Do ponto de vista pessoal passou a ser a figura central, a inspiradora de um grupo, a abridora de caminhos. Atrás dela foram os viajantes de 1924 em busca de um Brasil “ainda não estragado pelas academias”. Para todos foi uma viagem de revelações. Blaise Cendras criou um livro de poemas intitulado “Feullies de Route” – com um dos desenhos preparatórios de “A Negra” na capa. Oswald de Andrade publicou o manifesto pau brasil, uma longa defesa da opção de fundar o conhecimento elevado e a arte na cultura popular já existente. Mario de Andrade abandona a Pauliceia conhecida e vai atrás do material para ver o país de dentro para fora – “Macunaíma” sai em 1926.

Enquanto a linguagem que dependia de consciência e pensamento engatinhava em torno de “Brasil”, os pincéis de Tarsila do Amaral iam produzindo uma obra própria e pessoal, firme e segura. Tinha pouco a ver com os tempos acadêmicos, alguma coisa a ver com os mestres modernistas – e tudo a ver com uma peculiar mistura entre um passado pessoal e algo que identificamos até hoje como da cultura popular brasileira.

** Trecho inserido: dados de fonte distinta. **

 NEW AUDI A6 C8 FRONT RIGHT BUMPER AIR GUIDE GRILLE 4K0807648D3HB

Mas note-se: não era ela mesma arte popular, mas uma expressão pessoal de algo coletivo relevante. Este “algo” podia ser desde um anjinho de procissão até uma figuração da Cuca ou uma construção sobre o carnaval de Madureira. Para empregar a ideia jungiana apresentada acima, “A Negra” eventualmente pode ser vista como uma revelação arquetípica, um recado saído do inconsciente coletivo, um símbolo que, depois de mudar a artista, muda o olhar de quem olha.

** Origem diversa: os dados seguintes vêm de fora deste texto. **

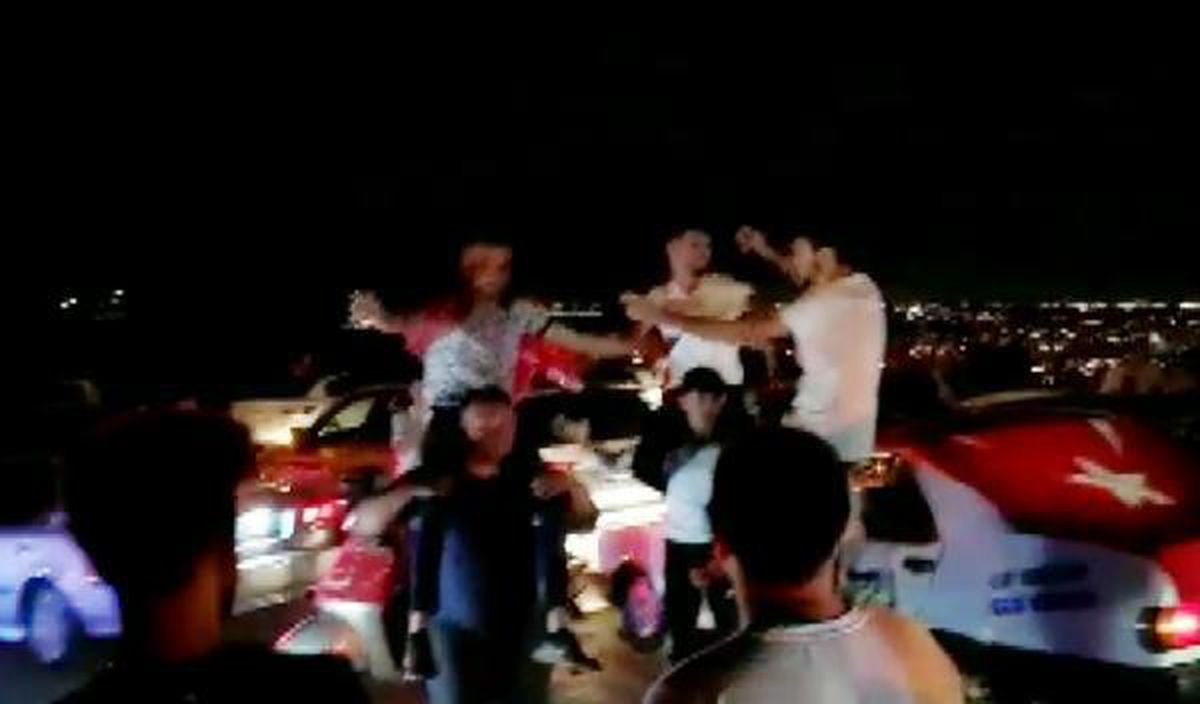 Son dakika haberleri: Antalya\'da sosyal mesafesiz asker eğlencesi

E Tarsila do Amaral soube seguir o recado vindo de si mesma. Construiu um universo que parece brasileiro a todo brasileiro que vê as telas – mas que foi conquistando mundo com sua força inconsciente.

Entre as muitas conquistas dessas visões, uma das mais importantes foi a elaboração de seu amado, Oswald de Andrade. Bem a seu modo entusiasmado, ele foi tentando traduzir em ideias conscientes o fluxo das experiências que tinha ao lado de Tarsila. Uma dessas traduções ficou muito famosa: a elaboração do “Manifesto Antropofágico” a partir da figura do Abaporu, outro quadro famoso de Tarsila.

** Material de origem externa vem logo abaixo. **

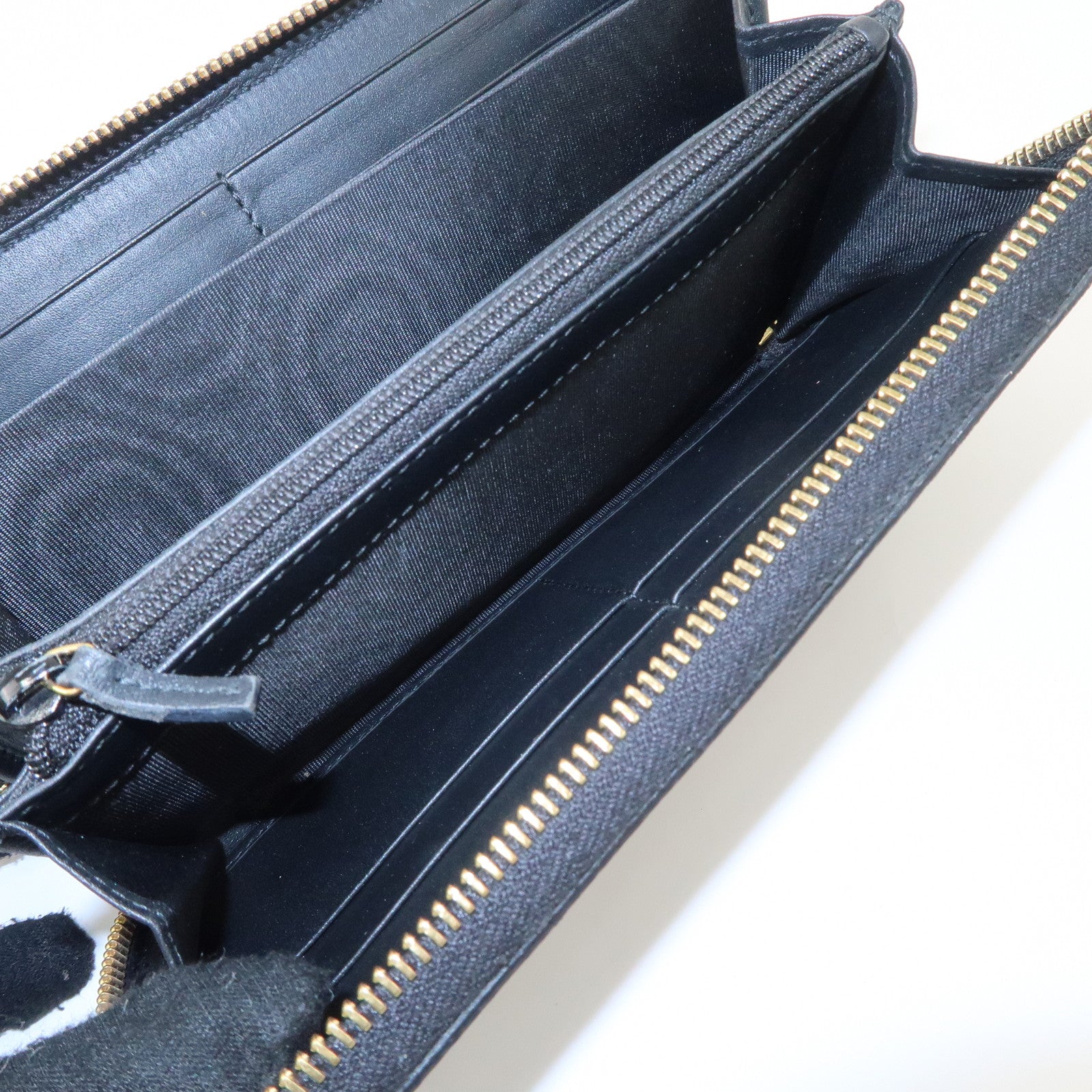 GUCCI GG Supreme Leather Round Zippy Wallet Black Beige 410102 Used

Não era uma elaboração fácil. Até o século 20, talvez o texto de Montaigne sobre antropofagia – mostrado na coluna intitulada “Os Três Paraísos” – tenha sido a única visão na linguagem escrita ocidental a mostrar como positivo o valor moral da encarnação explícita na vida espiritual.

Toda a valoração moral existente na documentação histórica brasileira é aquela da condenação do ato, seja por católicos ou protestantes. O horror à ideia de que comemos também para alimentar o espírito de natureza, que temos o mesmo estatuto anímico dos animais ou estamos no mesmo plano espiritual das plantas e dos minerais é a marca da visão ocidental sobre o Brasil em formação.

Assim como Tarsila do Amaral pulou a barreira da academia para procurar um Brasil ainda não corrompido, ter empatia inconsciente com ele e mostrar em imagens (é disso que seus quadros tratam), Oswald de Andrade valorou a formação brasileira como positiva a partir da herança antropofágica: “Tupi or not tupi, that’s the question”.

Este o paraíso achado por Tarsila do Amaral. Um paraíso que foi se afirmando aos poucos, olhar por olhar para seus quadros. Um paraíso que sobreviveu à própria queda da autora, que perdeu a fortuna e os meios de manter o necessário diálogo com a produção de ponta do mundo (pois era este o diálogo de sua obra, presente no contraponto entre fundo e figura de “A Negra”).

Mas que sobreviveu na força de imagens que conquistaram. Primeiro sua cidade, depois seu país, agora o mundo. Imagens que estão disponíveis numa exposição única e excepcional – num momento em que brasileiros precisam recuperar um modo de se verem em seu melhor.